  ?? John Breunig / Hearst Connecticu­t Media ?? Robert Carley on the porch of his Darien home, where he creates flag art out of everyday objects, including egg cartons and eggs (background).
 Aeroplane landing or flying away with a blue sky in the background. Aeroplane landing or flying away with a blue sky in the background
---
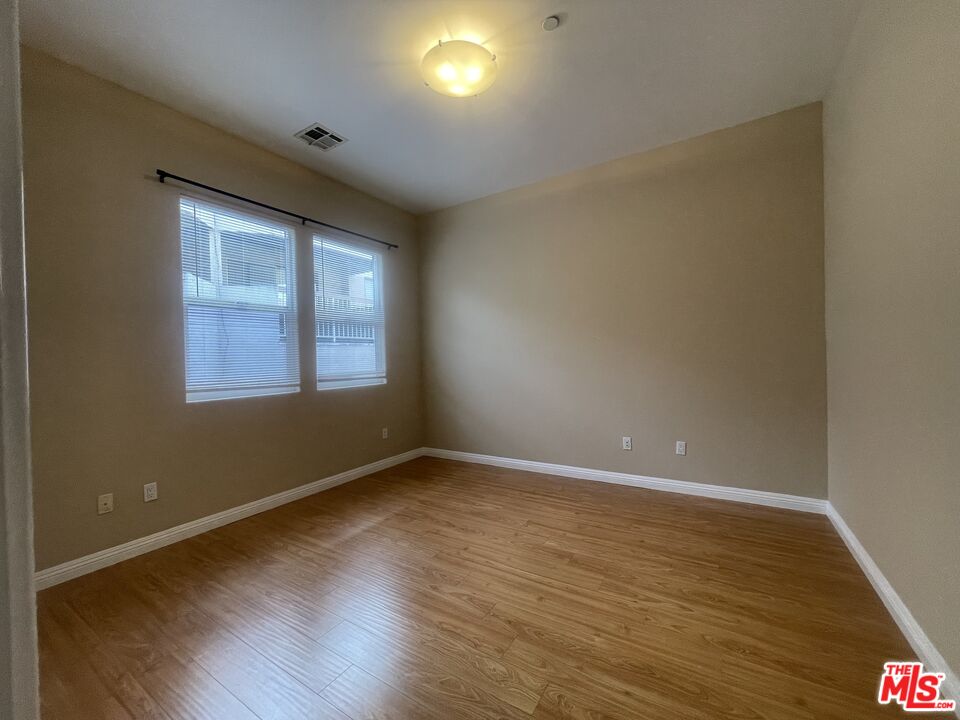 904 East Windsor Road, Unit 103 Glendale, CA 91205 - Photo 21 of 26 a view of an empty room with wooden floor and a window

* _Exercise brief_
The stretch of entries above that starts with the line containing "and eggs (background)." and goes on through the line containing "in the background." is to be transcribed exactly, and no other line is to be transcribed.

* _Your solution_
  ?? John Breunig / Hearst Connecticu­t Media ?? Robert Carley on the porch of his Darien home, where he creates flag art out of everyday objects, including egg cartons and eggs (background).
 Aeroplane landing or flying away with a blue sky in the background. Aeroplane landing or flying away with a blue sky in the background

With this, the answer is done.